Перед Клавуниным отсеком опять собрались зеваки. Правда, не толпа, как в прошлый раз, а всего пятеро. Смотреть было не на что, зато слушать — очень даже. Из-за двери доносился неописуемый храп, настоящее многоголосье. Присутствовали и басы, и дисканты, и даже, казалось, ударные.

Завидев Марину, слушатели подались по сторонам. Она приоткрыла дверь, заглянула внутрь. Клавуня, абсолютно голая, раскинулась на сильно смятой постели и издавала феерические звуки.

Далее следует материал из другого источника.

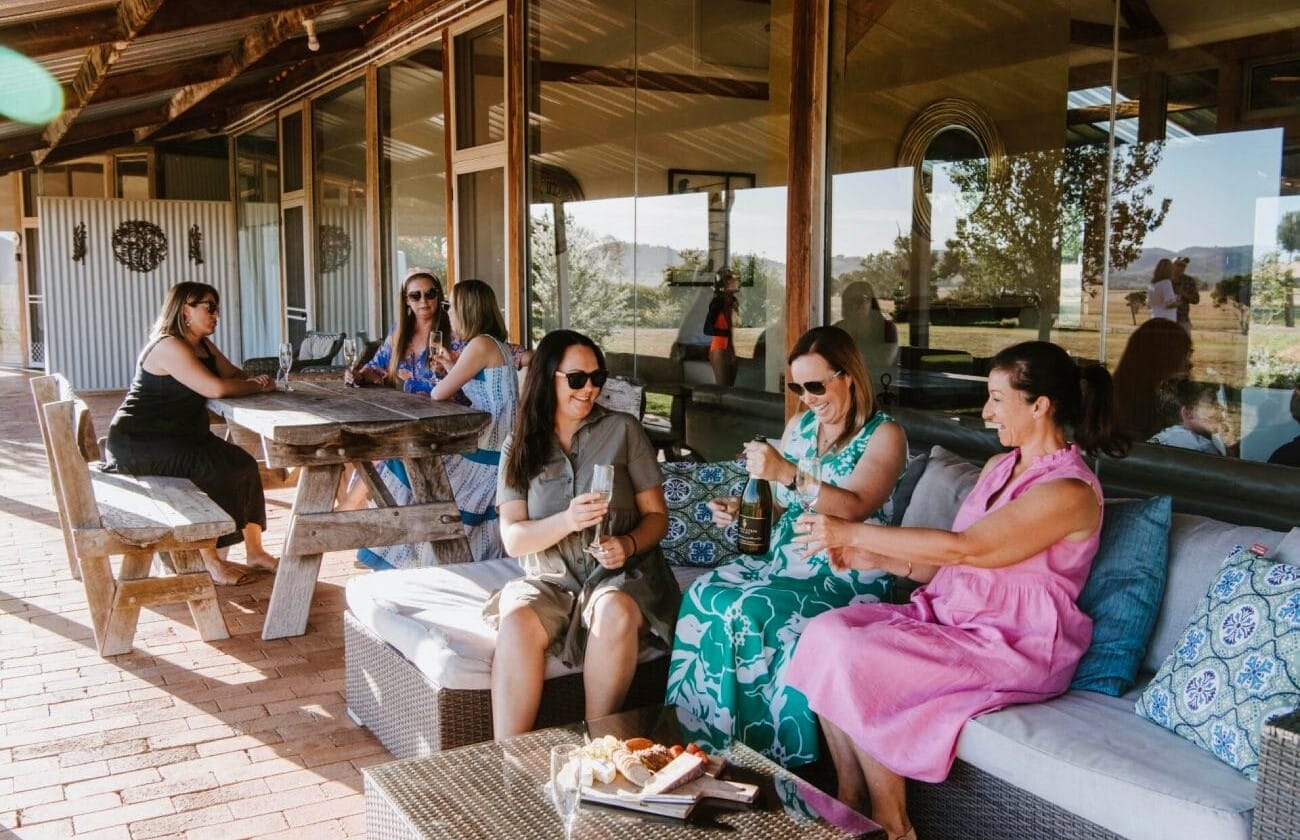 Owlheadlodgegulgongglasscottageaccommodationnsw  Travellarks Getaways Group of women enjoying wine and laughter at Owl Head Lodge Gulgong a stylish country accommodation listed with Travellarks Getaways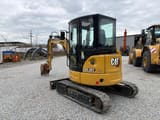 2021 Caterpillar 303.5E2 mini excavator, rear three-quarter view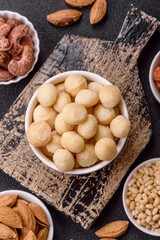 Raw peeled macadamia nut in ceramic bowl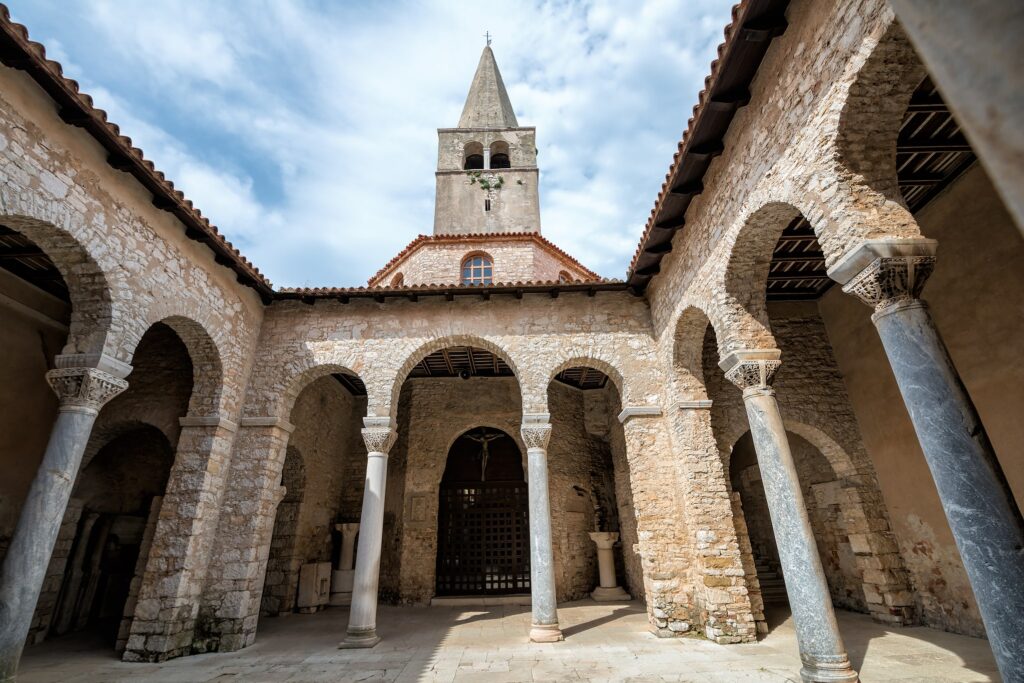 Interior of a historic stone cloister with arches and slender columns, a church tower rising above under a blue sky.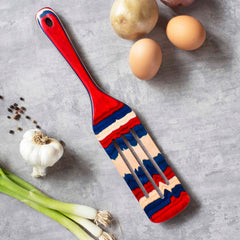 A 13-inch multicolored wooden spurtle from the Baltique® Old Glory Collection by Totally Bamboo, showcasing vibrant red, blue, and natural wood tones, rests on a gray surface. In close proximity are two brown eggs, a potato, a garlic bulb, green onions, and scattered black peppercorns—this versatile kitchen tool is poised for any culinary adventure.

Зрелище было неприглядным, аудиосопровождение ему под стать. Еще и пахло ужасно — то ли нечистотами, то ли какой-то мерзкой секрецией.

Ничего-ничего, напомнила себе Марина. Врачея обязана быть не только гуманной, но и небрезгливой.

Освободила одну из сумок, поискала, куда бы положить полоски, заметила в углу табурет, валяющийся на боку, поставила его на ноги, положила связку, тихо вышла.

***

Веруня, напротив, не спала — кормила.

— Все в порядке, Веруня? — приветливо спросила Марина.

— Какое в порядке, — угрюмо отозвалась мамаша. — Высосал меня всю, проглот обжорливый.

— Хватает корма-то? — уточнила Марина.

Веруня отодрала ребенка от левой верхней груди, поднесла к левой нижней. Пожаловалась:

— Грудя болят, мочи нет. Жрать охота, а этому хоть бы что, убить его мало! Вот помрем обое, то-то порадуется!